Skip to content

Latest commit

 

History

History
69 lines (52 loc) · 4.34 KB

README.md

File metadata and controls

69 lines (52 loc) · 4.34 KB

Cluster prerequisite

  1. Nodes mounted with nfs.
  2. Nodes can communicate with each other using ssh in normal user mode.

Ray cluster setup

Launch ray cluster (Run this command on your own laptop or on the host in cluster)

When launching ray cluster on your own laptop or in the cluster, please make sure to activate the conda environment "NetShare".

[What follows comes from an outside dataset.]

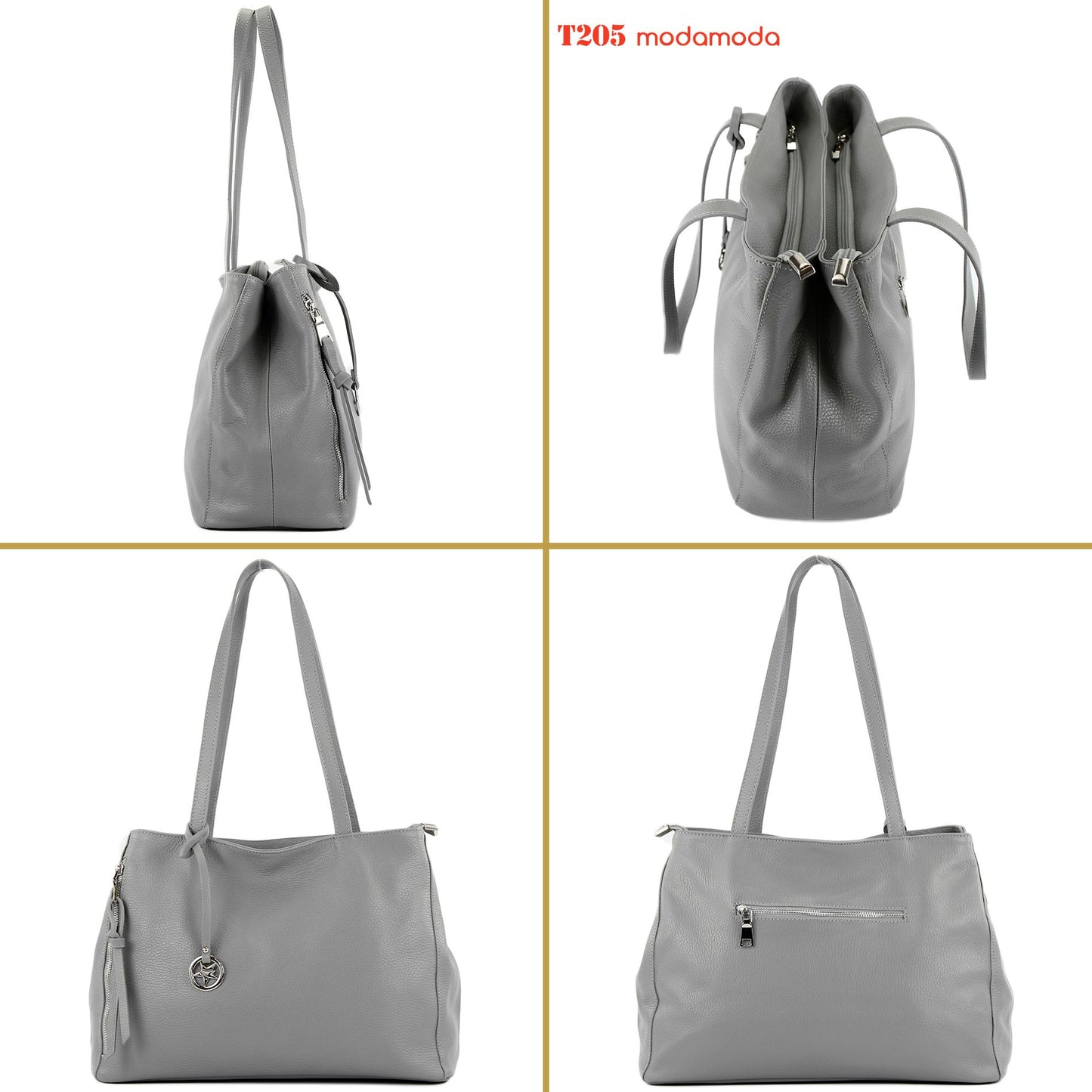 modamoda de T205 Damen Leder Schultertasche Shopper Henkeltasche handmade in Italy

# Change the host and workers ip in example.yaml
(NetShare) node1:/nfs/NetShare-dev$ export LC_ALL=C.UTF-8
(NetShare) node1:/nfs/NetShare-dev$ ray up ray/example.yaml

If launching the cluster from the cluster returns error like the following FileNotFoundError: [Errno 2] No such file or directory: '/tmp/ray/cluster-test.lock' it may be a bug.

Solution is:

# Change the host and workers ip in example.yaml
(NetShare) node1:/nfs/NetShare-dev$ export LC_ALL=C.UTF-8
(NetShare) node1:/nfs/NetShare-dev$ ray start --head
(NetShare) node1:/nfs/NetShare-dev$ ray stop
(NetShare) node1:/nfs/NetShare-dev$ ray up ray/example.yaml

Check if the ray cluster has been launched successfully.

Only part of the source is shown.